Konditorei · Sun Valley Village

Konditorei is a charming Austrian-style cafe and bakery in the Sun Valley Village, lovely for a strudel and a coffee after skiing, and a cafe is not the message a client dinner needs to send. The chalet room is built for breakfast and pastry rather than a hosted evening, and a counter pastry case reads as casual, not considered. Save it for a morning coffee with the client, not the dinner.

Reservation strategy for a client dinner in Sun Valley

The valley splits between the Sun Valley Resort and downtown Ketchum, a few minutes apart, so the first move is to pick the side that fits the evening and book the table that is hardest to improvise. The Ram, Trail Creek Cabin and the Roundhouse all run through the resort and carry the Lodge name; the Roundhouse and Trail Creek need the most notice because they run limited nights and seasonal schedules. Reserve a week or two ahead for a weekend in ski season, call directly so you can flag that you are hosting a client, and ask for a quiet table away from the bar or the piano.

The second move is to control the wine before the client sits down. At Michel's Christiania, Enoteca and The Covey, talk to the floor in advance, set a budget discreetly, and ask them to pour something the guest will recognise without making the spend the centre of the evening. Settle the bill before the meal where you can so the close is seamless. The third move is to match the room to the client: a guest who wants the recognised name belongs at The Ram, a formal first meeting at Michel's Christiania, a guest who wants an event at the Roundhouse or Trail Creek Cabin, and a wine-literate client at Enoteca. Choose the room that flatters the guest, and the evening does the rest.

Frequently asked

What is the best restaurant to impress a client in Sun Valley?

The Ram at the Sun Valley Lodge is our top pick. Open since 1937, the rustic-elegant dinner house has a live pianist, a Heritage Menu that runs from schnitzel to wagyu, and the famous Ram fondue, and the Lodge address is the one a client recognises. Reserve a week or two ahead through the resort and ask for a table away from the piano if you need to talk. For a quieter, more formal evening, Michel's Christiania in Ketchum is the strong alternative.

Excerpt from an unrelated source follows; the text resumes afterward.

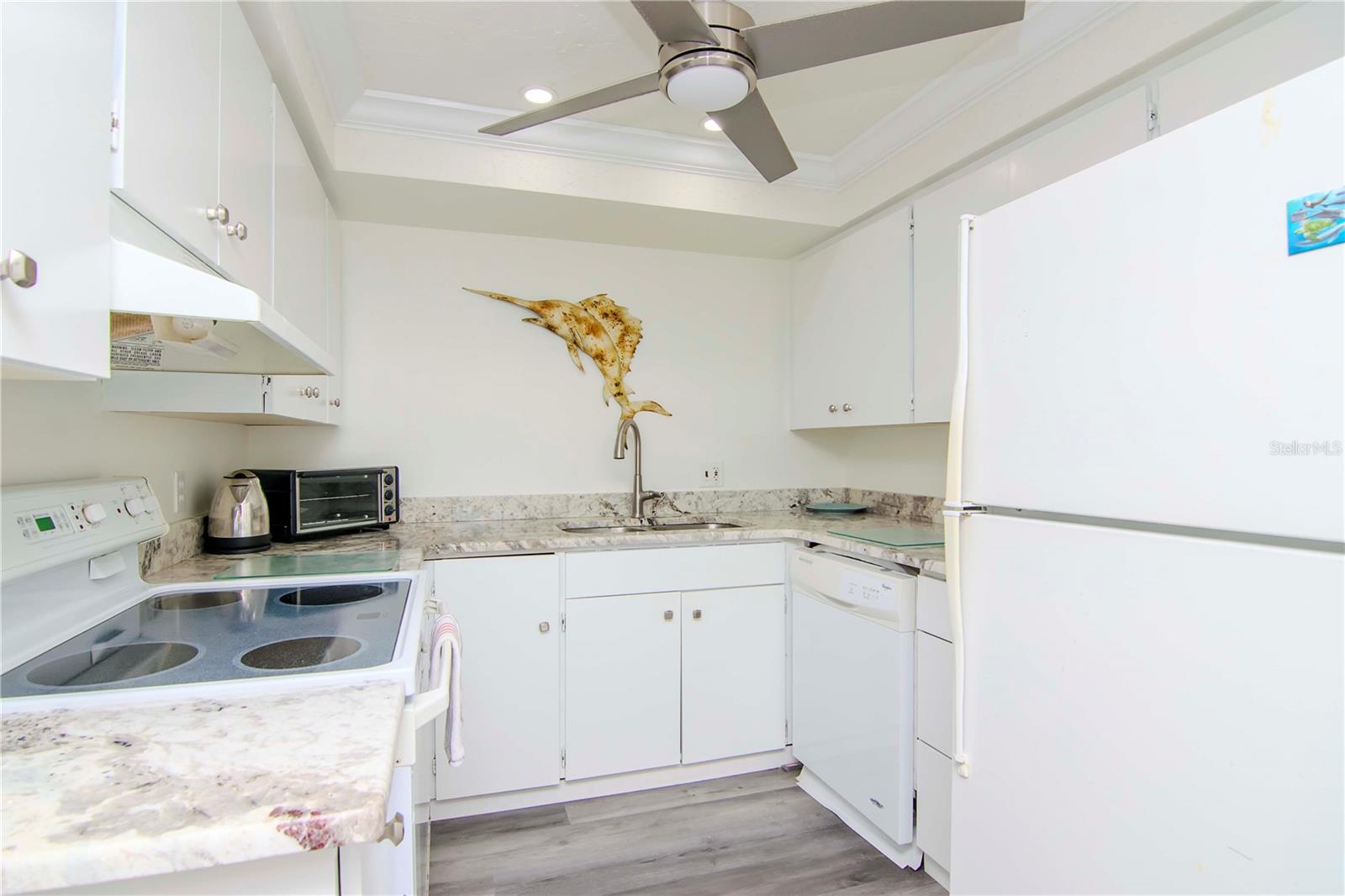 Image 5 of 10 For 1301 Gulf Boulevard 107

Where should I take a visiting client to dinner in Sun Valley or Ketchum?

Most of the rooms that impress a client are split between the Sun Valley Resort and downtown Ketchum, a few minutes apart. The Ram and Trail Creek Cabin sit on the resort side and carry the historic Lodge name; Michel's Christiania, Vintage, The Covey and Enoteca are the polished Ketchum rooms. For a guest who wants an event rather than a meal, ride the gondola to the Roundhouse on Bald Mountain. Reserve directly so you can flag that you are hosting a client.

Which Sun Valley restaurant gives a client the best story?

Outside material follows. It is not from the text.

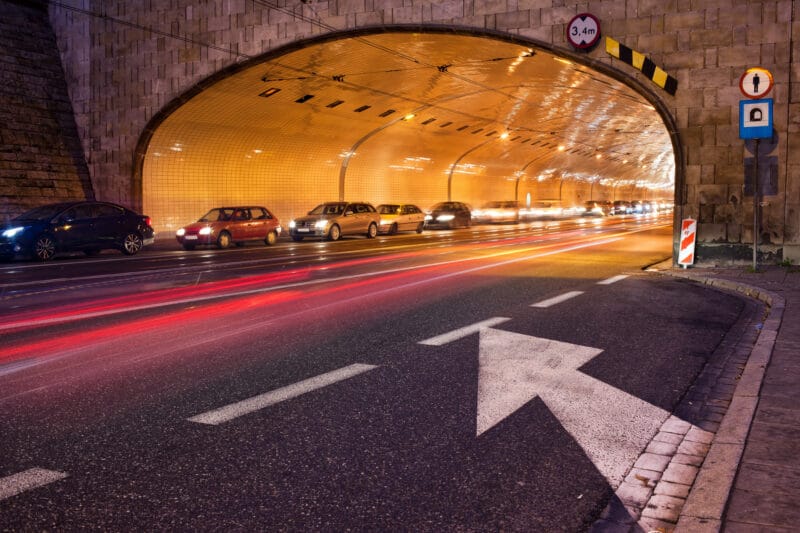 tunel Warszawa noc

The Roundhouse gives the best story. Perched at 7,700 feet on Bald Mountain and reached by gondola, the 1939 octagonal lodge serves a four-course prix fixe at around $125 a head, with forty-six windows over the valley. A visiting client rarely expects to ride a gondola to dinner, and the trip becomes the thing they describe back home. Book a Friday or Saturday, since dinner service runs only on weekend nights, and the reservation includes the gondola ride.

How much does it cost to impress a client in Sun Valley?

Plan on roughly $70 to $150 a head before wine at the top rooms. The Ram and Michel's Christiania run a la carte in that range, the Roundhouse is a four-course prix fixe at about $125, and Trail Creek Cabin's sleigh-ride dinner sits higher at around $289 in the holiday weeks. Wine moves the bill most, so set it with the floor in advance and settle the bill discreetly before the meal where you can.

Is Sun Valley a good place to take a client to dinner?

Yes, for a resort town it has a genuine spread of upscale rooms. The Sun Valley Lodge dining rooms and a cluster of established Ketchum restaurants, several open since the 1990s, give you a real choice of polished, conversation-friendly tables with serious wine. There is no Michelin guide in Idaho, so lead with the rooms that carry the strongest reputation and the best story, the Lodge name at The Ram or the gondola dinner at the Roundhouse, and reserve ahead in ski season.